- Opening Delimiter -

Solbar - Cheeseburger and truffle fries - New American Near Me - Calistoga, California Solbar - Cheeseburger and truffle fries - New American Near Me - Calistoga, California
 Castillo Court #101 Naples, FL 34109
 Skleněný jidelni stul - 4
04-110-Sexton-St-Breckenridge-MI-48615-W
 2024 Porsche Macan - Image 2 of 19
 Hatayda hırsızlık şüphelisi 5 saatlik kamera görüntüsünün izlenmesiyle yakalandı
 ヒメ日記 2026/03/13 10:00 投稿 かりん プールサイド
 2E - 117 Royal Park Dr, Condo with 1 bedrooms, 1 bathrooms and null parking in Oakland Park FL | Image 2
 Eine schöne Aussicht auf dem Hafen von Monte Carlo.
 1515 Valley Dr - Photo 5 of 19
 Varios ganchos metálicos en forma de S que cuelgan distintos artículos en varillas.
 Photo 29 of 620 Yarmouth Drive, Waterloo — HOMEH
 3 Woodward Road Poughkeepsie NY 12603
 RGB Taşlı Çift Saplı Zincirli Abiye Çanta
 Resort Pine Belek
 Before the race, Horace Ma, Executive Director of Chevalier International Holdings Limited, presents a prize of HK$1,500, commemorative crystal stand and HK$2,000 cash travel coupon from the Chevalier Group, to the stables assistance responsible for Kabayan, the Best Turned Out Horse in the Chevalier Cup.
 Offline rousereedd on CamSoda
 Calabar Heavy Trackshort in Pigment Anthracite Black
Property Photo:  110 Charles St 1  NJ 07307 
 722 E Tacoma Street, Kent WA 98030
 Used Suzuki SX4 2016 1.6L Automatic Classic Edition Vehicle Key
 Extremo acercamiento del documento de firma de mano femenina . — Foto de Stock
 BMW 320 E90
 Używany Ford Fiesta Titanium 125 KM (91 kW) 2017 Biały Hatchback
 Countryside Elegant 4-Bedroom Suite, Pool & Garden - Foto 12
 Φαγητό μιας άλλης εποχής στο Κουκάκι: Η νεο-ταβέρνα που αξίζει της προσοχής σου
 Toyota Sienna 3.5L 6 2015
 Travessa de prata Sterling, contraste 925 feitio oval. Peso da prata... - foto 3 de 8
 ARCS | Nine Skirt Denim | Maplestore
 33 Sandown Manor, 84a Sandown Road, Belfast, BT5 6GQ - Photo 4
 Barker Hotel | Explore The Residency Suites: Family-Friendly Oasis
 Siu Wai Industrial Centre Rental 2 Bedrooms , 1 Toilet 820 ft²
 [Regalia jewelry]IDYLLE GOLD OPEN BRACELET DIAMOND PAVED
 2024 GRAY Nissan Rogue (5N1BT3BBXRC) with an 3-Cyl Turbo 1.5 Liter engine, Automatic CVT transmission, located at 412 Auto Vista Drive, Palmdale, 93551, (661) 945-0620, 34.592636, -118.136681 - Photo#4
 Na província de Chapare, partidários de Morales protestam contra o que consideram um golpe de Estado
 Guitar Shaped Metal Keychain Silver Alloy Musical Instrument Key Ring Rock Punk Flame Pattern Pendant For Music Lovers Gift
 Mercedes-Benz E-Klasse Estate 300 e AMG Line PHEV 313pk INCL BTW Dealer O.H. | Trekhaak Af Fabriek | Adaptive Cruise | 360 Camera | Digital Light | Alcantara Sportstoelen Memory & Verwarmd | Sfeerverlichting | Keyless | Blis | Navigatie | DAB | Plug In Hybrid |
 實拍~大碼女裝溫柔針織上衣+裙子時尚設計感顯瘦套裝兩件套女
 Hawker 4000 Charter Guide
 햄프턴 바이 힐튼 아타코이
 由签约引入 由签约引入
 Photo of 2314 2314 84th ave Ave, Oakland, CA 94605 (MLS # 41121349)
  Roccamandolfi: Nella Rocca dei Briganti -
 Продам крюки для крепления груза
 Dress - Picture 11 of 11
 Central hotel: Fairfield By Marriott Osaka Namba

- Closing Delimiter -

> **What this task involves**: Line by line, output the data precisely as shown above.

> **The completed task**:
Solbar - Cheeseburger and truffle fries - New American Near Me - Calistoga, California Solbar - Cheeseburger and truffle fries - New American Near Me - Calistoga, California
 Castillo Court #101 Naples, FL 34109
 Skleněný jidelni stul - 4
04-110-Sexton-St-Breckenridge-MI-48615-W
 2024 Porsche Macan - Image 2 of 19
 Hatayda hırsızlık şüphelisi 5 saatlik kamera görüntüsünün izlenmesiyle yakalandı
 ヒメ日記 2026/03/13 10:00 投稿 かりん プールサイド
 2E - 117 Royal Park Dr, Condo with 1 bedrooms, 1 bathrooms and null parking in Oakland Park FL | Image 2
 Eine schöne Aussicht auf dem Hafen von Monte Carlo.
 1515 Valley Dr - Photo 5 of 19
 Varios ganchos metálicos en forma de S que cuelgan distintos artículos en varillas.
 Photo 29 of 620 Yarmouth Drive, Waterloo — HOMEH
 3 Woodward Road Poughkeepsie NY 12603
 RGB Taşlı Çift Saplı Zincirli Abiye Çanta
 Resort Pine Belek
 Before the race, Horace Ma, Executive Director of Chevalier International Holdings Limited, presents a prize of HK$1,500, commemorative crystal stand and HK$2,000 cash travel coupon from the Chevalier Group, to the stables assistance responsible for Kabayan, the Best Turned Out Horse in the Chevalier Cup.
 Offline rousereedd on CamSoda
 Calabar Heavy Trackshort in Pigment Anthracite Black
Property Photo:  110 Charles St 1  NJ 07307 
 722 E Tacoma Street, Kent WA 98030
 Used Suzuki SX4 2016 1.6L Automatic Classic Edition Vehicle Key
 Extremo acercamiento del documento de firma de mano femenina . — Foto de Stock
 BMW 320 E90
 Używany Ford Fiesta Titanium 125 KM (91 kW) 2017 Biały Hatchback
 Countryside Elegant 4-Bedroom Suite, Pool & Garden - Foto 12
 Φαγητό μιας άλλης εποχής στο Κουκάκι: Η νεο-ταβέρνα που αξίζει της προσοχής σου
 Toyota Sienna 3.5L 6 2015
 Travessa de prata Sterling, contraste 925 feitio oval. Peso da prata... - foto 3 de 8
 ARCS | Nine Skirt Denim | Maplestore
 33 Sandown Manor, 84a Sandown Road, Belfast, BT5 6GQ - Photo 4
 Barker Hotel | Explore The Residency Suites: Family-Friendly Oasis
 Siu Wai Industrial Centre Rental 2 Bedrooms , 1 Toilet 820 ft²
 [Regalia jewelry]IDYLLE GOLD OPEN BRACELET DIAMOND PAVED
 2024 GRAY Nissan Rogue (5N1BT3BBXRC) with an 3-Cyl Turbo 1.5 Liter engine, Automatic CVT transmission, located at 412 Auto Vista Drive, Palmdale, 93551, (661) 945-0620, 34.592636, -118.136681 - Photo#4
 Na província de Chapare, partidários de Morales protestam contra o que consideram um golpe de Estado
 Guitar Shaped Metal Keychain Silver Alloy Musical Instrument Key Ring Rock Punk Flame Pattern Pendant For Music Lovers Gift
 Mercedes-Benz E-Klasse Estate 300 e AMG Line PHEV 313pk INCL BTW Dealer O.H. | Trekhaak Af Fabriek | Adaptive Cruise | 360 Camera | Digital Light | Alcantara Sportstoelen Memory & Verwarmd | Sfeerverlichting | Keyless | Blis | Navigatie | DAB | Plug In Hybrid |
 實拍~大碼女裝溫柔針織上衣+裙子時尚設計感顯瘦套裝兩件套女
 Hawker 4000 Charter Guide
 햄프턴 바이 힐튼 아타코이
 由签约引入 由签约引入
 Photo of 2314 2314 84th ave Ave, Oakland, CA 94605 (MLS # 41121349)
  Roccamandolfi: Nella Rocca dei Briganti -
 Продам крюки для крепления груза
 Dress - Picture 11 of 11
 Central hotel: Fairfield By Marriott Osaka Namba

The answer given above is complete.